## Problem statement
Look below for the line with "Express Sleeveless Black" and the line with "Tasse Einer von"; repeat exactly those two lines and all lines between them, but no pictures.
[Exercise input]
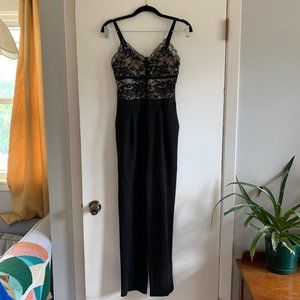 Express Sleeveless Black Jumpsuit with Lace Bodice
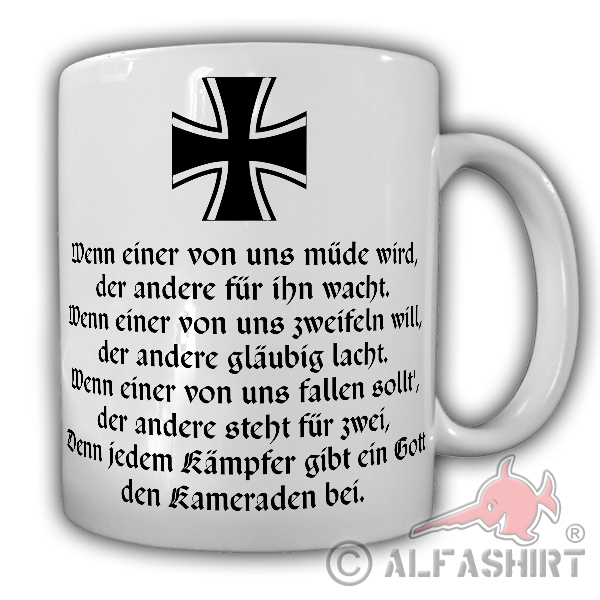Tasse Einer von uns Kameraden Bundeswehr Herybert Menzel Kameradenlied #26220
[/Exercise input]
[Exercise input]
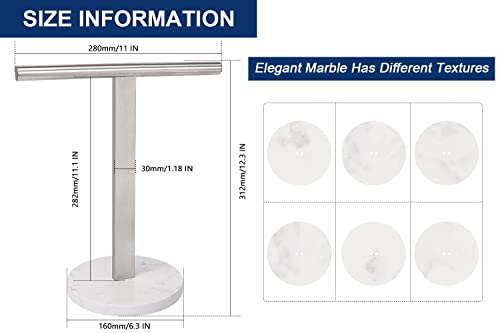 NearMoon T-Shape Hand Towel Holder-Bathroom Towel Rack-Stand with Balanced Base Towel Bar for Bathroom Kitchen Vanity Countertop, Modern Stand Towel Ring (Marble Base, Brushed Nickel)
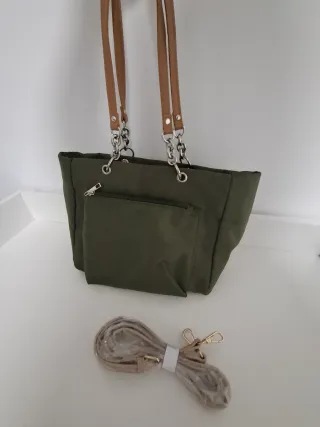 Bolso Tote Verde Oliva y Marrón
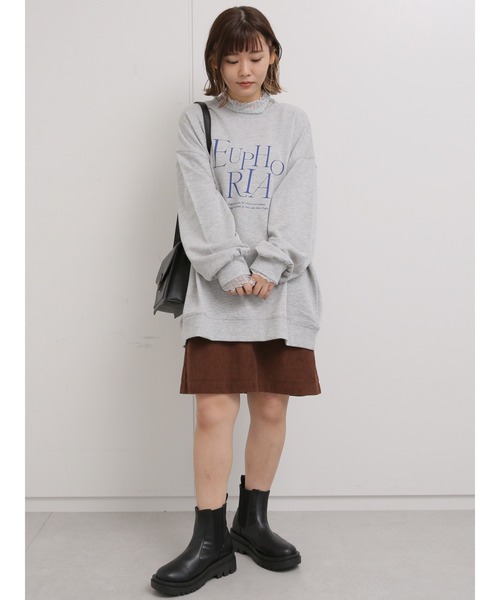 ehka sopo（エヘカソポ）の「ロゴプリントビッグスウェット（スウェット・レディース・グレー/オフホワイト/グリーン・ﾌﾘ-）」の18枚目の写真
[/Exercise input]
## Exercise result
 Express Sleeveless Black Jumpsuit with Lace Bodice
Tasse Einer von uns Kameraden Bundeswehr Herybert Menzel Kameradenlied #26220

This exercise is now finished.